I need to run my application with "at most once" semantics. It is absolutely crucial that only one instance of my app is running at any given time or none at all
At first I was using resource type "deployment" with single replica but then I realized the during network partition we might inadvertently be running more than one instances.
I stumbled up on "stateful sets" while I was searching for most once semantics in kubernetes. On reading further, the examples dealt with cases where the containers needed a persistent volume and typically these containers were running with more than one replica. My application is not even using any volumes.
I also read about tolerations to kill the pod if the node is unreachable. Given that tolerations can handle pod unreachable cases, is stateful set an overkill for my usecase?
I am justifying the use stateful set - because even in that mean time the node becomes unreachable and toleration seconds reached and kubelet realizes that it is cut off from the network and kills the processes, kubernetes can spin up another instance. And I believe stateful set prevent this corner case too.
Am I right? Is there any other approach to achieve this?
To quote a Kubernetes doc:
...StatefulSets maintain a sticky, stable identity for their
Pods...Guaranteeing an identity for each Pod helps avoid split-brain
side effects in the case when a node becomes unreachable (network
partition).
As described in the same doc, StatefulSet Pods on a Node are marked as "Unknown" and aren't rescheduled unless forcefully deleted when a node becomes unreachable. Something to consider for proper recovery, if going this route.
So, yes - StatefulSet may be more suitable for the given use case than Deployment.
In my opinion, it won't be an overkill to use StatefulSet - choose the Kubernetes object that works best for your use case.
Statefulsets are not the recourse for at-most one semantics - they are typically used for deploying "state full" applications like databases which use the persistent identity of their pods to cluster among themselves
We have faced similar issues like what you mentioned - we had implicitly assumed that a old pod would be fully deleted before bringing up the new instance
One option is to use the combination of preStop hooks + init-containers combination
preStop hook will do the necessary cleanup (say delete a app specific etcd key)
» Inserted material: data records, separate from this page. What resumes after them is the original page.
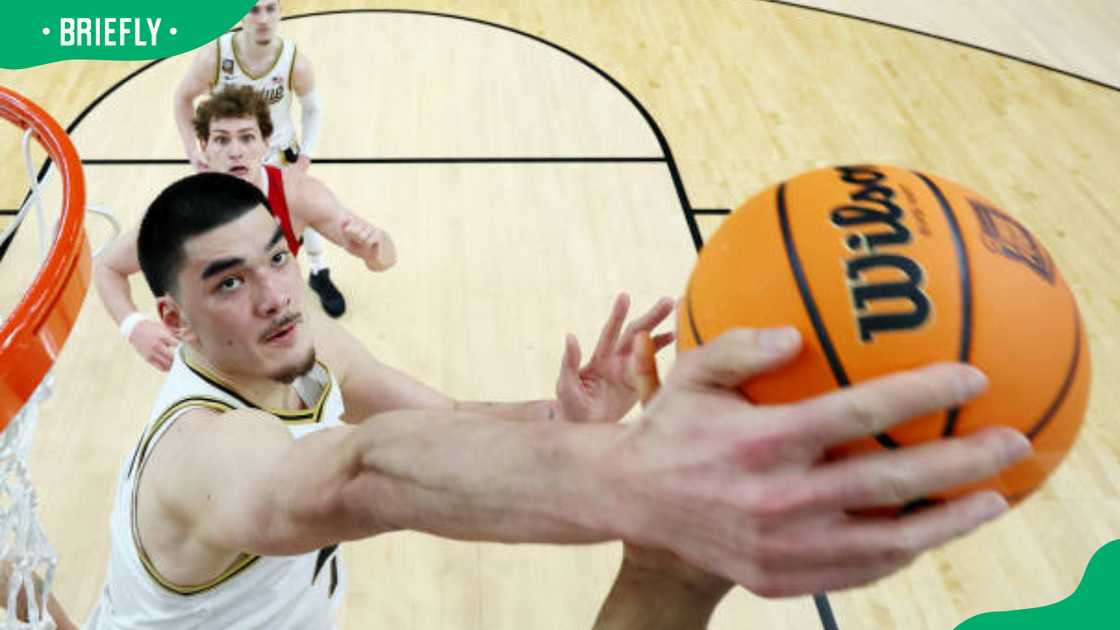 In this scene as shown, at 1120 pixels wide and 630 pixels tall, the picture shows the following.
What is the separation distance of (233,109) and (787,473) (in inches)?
122

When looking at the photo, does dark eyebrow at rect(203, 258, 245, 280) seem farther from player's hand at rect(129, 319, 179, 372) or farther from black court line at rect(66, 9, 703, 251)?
black court line at rect(66, 9, 703, 251)

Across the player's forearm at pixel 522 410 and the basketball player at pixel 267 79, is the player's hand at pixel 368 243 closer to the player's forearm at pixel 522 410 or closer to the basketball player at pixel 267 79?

Init container can wait till the etcd key disappears (with an upper bound).
References:
https://kubernetes.io/docs/concepts/workloads/pods/pod/#termination-of-pods
https://kubernetes.io/docs/concepts/workloads/pods/init-containers/
One alternative is to try with the anti-affinity settings, but i am not very sure about this one though
It is absolutely crucial that only one instance of my app is running at any given time.
Use a leader election pattern to guarantee at most one active replica. If you use more than one replica and leader election, the other replicas are stand by in case of network partition situations. This is how the components in the Kubernetes control plane solves this problem when needing only one active instance.
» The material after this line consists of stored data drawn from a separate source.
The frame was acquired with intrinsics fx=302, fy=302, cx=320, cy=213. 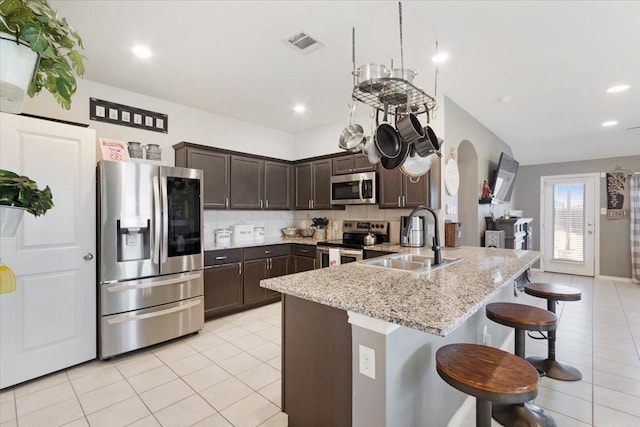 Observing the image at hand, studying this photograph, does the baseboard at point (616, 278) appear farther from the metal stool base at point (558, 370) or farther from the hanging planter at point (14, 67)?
the hanging planter at point (14, 67)

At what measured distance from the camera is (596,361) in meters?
2.74

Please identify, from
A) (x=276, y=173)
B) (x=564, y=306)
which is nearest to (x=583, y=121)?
(x=564, y=306)

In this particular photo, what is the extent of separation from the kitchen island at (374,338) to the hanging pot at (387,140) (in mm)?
799

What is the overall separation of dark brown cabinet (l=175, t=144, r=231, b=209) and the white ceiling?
2.21 feet

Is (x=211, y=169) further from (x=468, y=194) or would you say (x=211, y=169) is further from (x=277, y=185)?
(x=468, y=194)

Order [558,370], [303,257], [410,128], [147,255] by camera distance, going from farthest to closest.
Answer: [303,257], [147,255], [558,370], [410,128]

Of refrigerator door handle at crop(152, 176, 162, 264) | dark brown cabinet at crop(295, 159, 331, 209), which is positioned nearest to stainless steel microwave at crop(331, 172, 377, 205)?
dark brown cabinet at crop(295, 159, 331, 209)

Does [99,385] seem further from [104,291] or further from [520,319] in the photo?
[520,319]

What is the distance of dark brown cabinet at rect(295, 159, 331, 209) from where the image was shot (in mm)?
4648

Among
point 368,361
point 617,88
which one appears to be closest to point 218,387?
point 368,361

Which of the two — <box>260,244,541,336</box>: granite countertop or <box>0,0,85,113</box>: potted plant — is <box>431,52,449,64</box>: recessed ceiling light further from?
<box>0,0,85,113</box>: potted plant

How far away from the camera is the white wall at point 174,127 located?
3.15 metres

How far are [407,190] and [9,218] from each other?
3.54 metres

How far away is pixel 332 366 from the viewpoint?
1534 mm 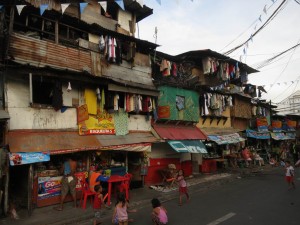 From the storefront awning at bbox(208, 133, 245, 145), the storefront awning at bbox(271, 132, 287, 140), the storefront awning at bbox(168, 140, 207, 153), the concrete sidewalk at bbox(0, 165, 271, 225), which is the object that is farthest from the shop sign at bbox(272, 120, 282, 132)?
the concrete sidewalk at bbox(0, 165, 271, 225)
Leader election algorithms in Kubernetes usually work by taking a lock (e.g. in etcd) with a timeout. Only the instance that has the lock is active. When the lock is timed out, the leader election algorithm either extend the lock timeout or elect a new leader. How it works depends on the implementation but there is a guarantee that there is at most one leader - the active instance.
See e.g. Simple Leader Election with Kubernetes that also describe how to solve this in a side car container.
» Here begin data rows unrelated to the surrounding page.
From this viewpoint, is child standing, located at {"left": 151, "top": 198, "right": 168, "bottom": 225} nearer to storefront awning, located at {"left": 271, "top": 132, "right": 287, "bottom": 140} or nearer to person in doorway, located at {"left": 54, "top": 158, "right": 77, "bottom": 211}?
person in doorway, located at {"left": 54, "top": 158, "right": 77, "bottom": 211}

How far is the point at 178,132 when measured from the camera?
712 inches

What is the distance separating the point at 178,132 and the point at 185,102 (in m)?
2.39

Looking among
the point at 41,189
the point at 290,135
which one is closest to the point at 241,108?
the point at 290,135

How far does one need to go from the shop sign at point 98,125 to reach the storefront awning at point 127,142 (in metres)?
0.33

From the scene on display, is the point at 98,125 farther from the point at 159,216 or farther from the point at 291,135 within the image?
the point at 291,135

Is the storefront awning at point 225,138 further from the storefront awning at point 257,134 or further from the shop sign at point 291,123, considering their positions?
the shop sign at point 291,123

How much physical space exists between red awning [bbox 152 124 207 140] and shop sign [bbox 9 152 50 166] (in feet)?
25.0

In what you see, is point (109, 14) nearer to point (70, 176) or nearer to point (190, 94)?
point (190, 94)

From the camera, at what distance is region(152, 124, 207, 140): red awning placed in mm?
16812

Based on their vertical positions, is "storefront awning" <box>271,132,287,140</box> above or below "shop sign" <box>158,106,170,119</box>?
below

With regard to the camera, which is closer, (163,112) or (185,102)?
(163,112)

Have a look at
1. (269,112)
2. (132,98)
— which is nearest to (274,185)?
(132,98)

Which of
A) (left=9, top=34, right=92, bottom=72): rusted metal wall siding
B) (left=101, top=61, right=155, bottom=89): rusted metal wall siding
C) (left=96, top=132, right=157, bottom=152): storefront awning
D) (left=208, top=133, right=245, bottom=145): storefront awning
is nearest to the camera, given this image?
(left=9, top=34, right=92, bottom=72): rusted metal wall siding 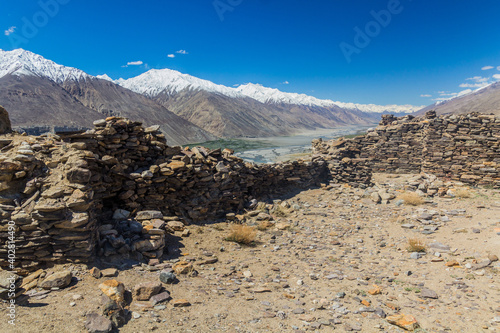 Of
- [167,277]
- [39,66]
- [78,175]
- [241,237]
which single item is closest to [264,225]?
[241,237]

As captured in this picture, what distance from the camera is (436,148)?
1329cm

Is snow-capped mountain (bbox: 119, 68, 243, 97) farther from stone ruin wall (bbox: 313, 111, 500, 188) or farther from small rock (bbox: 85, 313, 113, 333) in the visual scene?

If your application is stateless, you should use Deployment and not StatefulSet. It can appear that StatefulSet is a way to solve at most one instance in a situation with a network partition, but that is mostly in case of a stateful replicated application like e.g. a cache or database cluster even though it may solve your specific situation as well.
Related
In Kubernetes, I have a statefulset with a number of replicas.
I've set the updateStrategy to RollingUpdate.
I've set podManagementPolicy to Parallel.
My statefulset instances do not have a persistent volume claim -- I use the statefulset as a way to allocate ordinals 0..(N-1) to pods in a deterministic manner.
The main reason for this, is to keep availability for new requests while rolling out software updates (freshly built containers) while still allowing each container, and other services in the cluster, to "know" its ordinal.
The behavior I want, when doing a rolling update, is for the previous statefulset pods to linger while there are still long-running requests processing on them, but I want new traffic to go to the new pods in the statefulset (mapped by the ordinal) without a temporary outage.
Unfortunately, I don't see a way of doing this -- what am I missing?
Because I don't use volume claims, you might think I could use deployments instead, but I really do need each of the pods to have a deterministic ordinal, that:
is unique at the point of dispatching new service requests (incoming HTTP requests, including public ingresses)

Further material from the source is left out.